丸山 着物でDJパフォーマンスをされたり、パリコレのオーディトリアムでも着物を纏まとったり。ユリアさんのスタイリッシュな姿をいつも楽しく拝見しております。着物に惹かれるようになったきっかけを教えてください。
ユリア ルーツは、祖母や母にあります。祖母は石川県で美容室を経営し、婚礼の着付けや花嫁さんの髪結いを手がけていました。その薫陶を受けた母は、ファッションのスタイリストを経て現在は着付け講師をしています。幼少期から着物に触れながらも、海外のカルチャーに憧れ、20代の初めは洋服の世界に身を置いていました。
丸山 ファッション業界で流行を追いかけていたのですね。
ユリア 個人的には好きなものが変わらなかったので、移り変わりの激しいファッションの世界に、次第に違和感を持つようになりました。それに対して、着物は形も定型で、文様も千年以上前のものが現代まで受け継がれています。海外での活動が増えるに従い、日本を客観的に見つめるように。自国の文化を学びたい気持ちが高まり、20代後半に京都芸術大学に入学して、明治時代の日本文学を学びました。そこから、グッと着物への興味が深まりました。丸山さんが、着物に惹かれた理由は何でしょう。
丸山 私の母や祖母の時代は、着物が日常。やはり20代の後半に、親戚中の着物簞笥が私の手元に集まった際、大正時代に新聞記者をしていた女傑とも言える祖母の姉の泥大島に釘付けに。今でも新鮮に感じられるほど、その柄行きのモダンさに魅了されました。祖母の姉から祖母へ、そこから母を経
て私へ。4代にもわたって受け継がれるなんて、洋服では考えられません。そのときに「着物って面白い!」と感じ、すっかり引き込まれてしまいました。
ユリア 明治・大正時代の着物はハイカラな柄行きが多いですよね。私も明治文学の流れから、アンティーク着物に心酔。色と色がせめぎ合う独特の配色や、車やバレリーナといった意表を突く西洋のモチーフ使いなど。
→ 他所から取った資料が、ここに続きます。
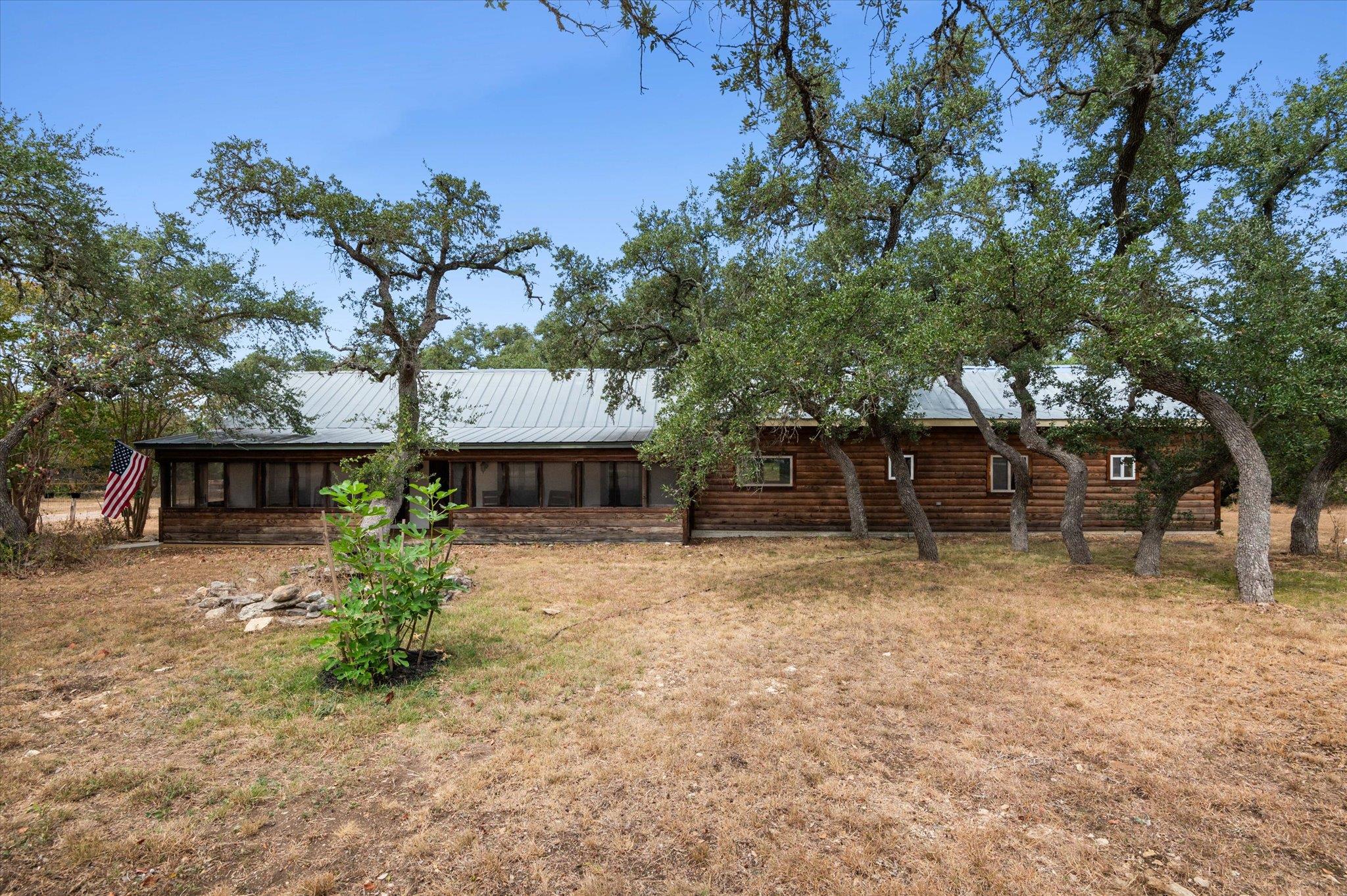 215 Go Away Rd, Blanco, TX 78606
エネルギッシュな文明開化の息吹が、着物をキャンバスとして、遊び心たっぷりに
描かれている表現力に圧倒されました。
丸山 その時代は、建築業界も同じことが言えます。〝擬洋風"と呼ばれ、見た目は洋館なのに、スケールやディテールに日本の職人ならではの繊細な細工や手技が用いられていました。違和感を持つけれど、それが妙に可愛らしく心惹かれます……。
ユリア 江戸の人が西洋のいいところを見よう見まねでつくった感があります。頑張ったけど、どこか変という感覚ですよね(笑)。
丸山 そうです、そうです(笑)。
ユリア 洋をベースに和の要素を秘めているケースもあれば、その逆もある。時代がドラスティックに変わる文明開化のミックス感は、現代にも通じるものがあると共感を覚えます。